I can't see how you can make any real generalisations about this, given the uncertainties in the data.
And what is it safe to say about the explanation?
If there are any additional electron-electron repulsions on adding extra electrons, they must be fairly small. This is particularly shown if you consider some pairs of isoelectronic ions.
You would have thought that if repulsion was an important factor, then the radius of, say a sulfide ion, with two negative charges would be significantly larger than a chloride ion with only one. The difference should actually be even more marked, because the sulfide electrons are being held by only 16 protons rather than the 17 in the chlorine case.
On this repulsion theory, the sulfide ion shouldn't just be a little bit bigger than a chloride ion – it should be a lot bigger. The same effect is shown with selenide and bromide, and with telluride and iodide ions. In the last case, there is virtually no difference in the sizes of the 2- and 1- ions.
So if there is some repulsion playing a part in this, it certainly doesn't look as if it is playing a major part.
What about positive ions?
Whether you choose to use van der Waals radii or metallic radii as a measure of the atomic radius, for metals the ionic radius is smaller than either, so the problem doesn't exist to the same extent.

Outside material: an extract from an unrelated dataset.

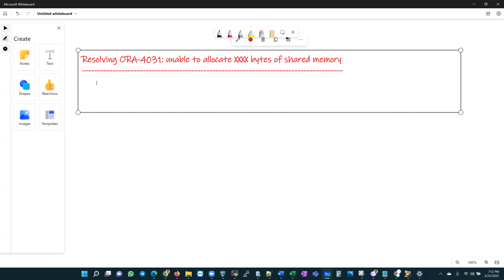If the attempt to allocate memory to the shared pool fails, Oracle first flushes all objects not currently in use from the pool, and the resulting free memory is chunked and merged. If this merged memory is still not large enough to satisfy the request, the ORA-4031 error is returned — visible in your alert logs. Simply put, ORA-4031 is raised when memory is unavailable or insufficient for use or reuse within the SGA.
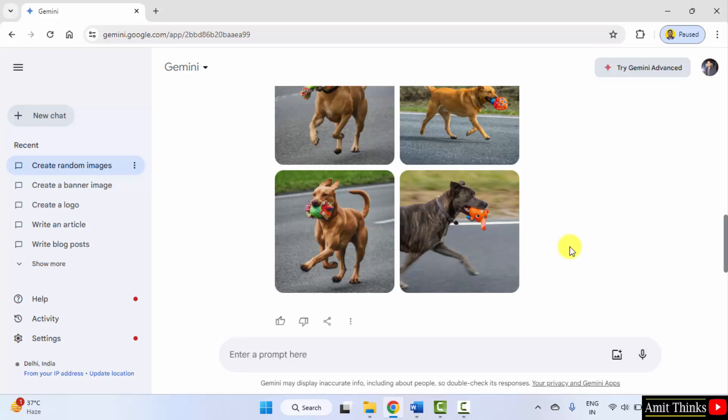We saw two examples, one of a lion and another one for a dog. Thank you for watching the video.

It is true that the ionic radius of a metal is less than its atomic radius (however vague you are about defining this).
The explanation (at least as long as you only consider positive ions from Groups 1, 2 and 3) in terms of losing a complete layer of electrons is also acceptable.
It seems to me that, for negative ions, it is completely illogical to compare ionic radii with covalent radii if you want to use the electron repulsion explanation.
If you compare the ionic radii of negative ions with the van der Waals radii of the atoms they come from, the uncertainties in the data make it very difficult to make any reliable generalisations.
The similarity in sizes of pairs of isoelectronic ions from Groups 6 and 7 calls into question how important repulsion is in any explanation.
Having spent more than a week working on this, and discussing it with input from some very knowledgable people, I don't think there is any explanation which is simple enough to give to most students at this level. It would seem to me to be better that these ideas about relative sizes of atoms and ions are just dropped.
At this level, you can describe and explain simple periodic trends in atomic radii in the way I did further up this page, without even thinking about the relative sizes of the atoms and ions. Personally, I would be more than happy never to think about this again for the rest of my life!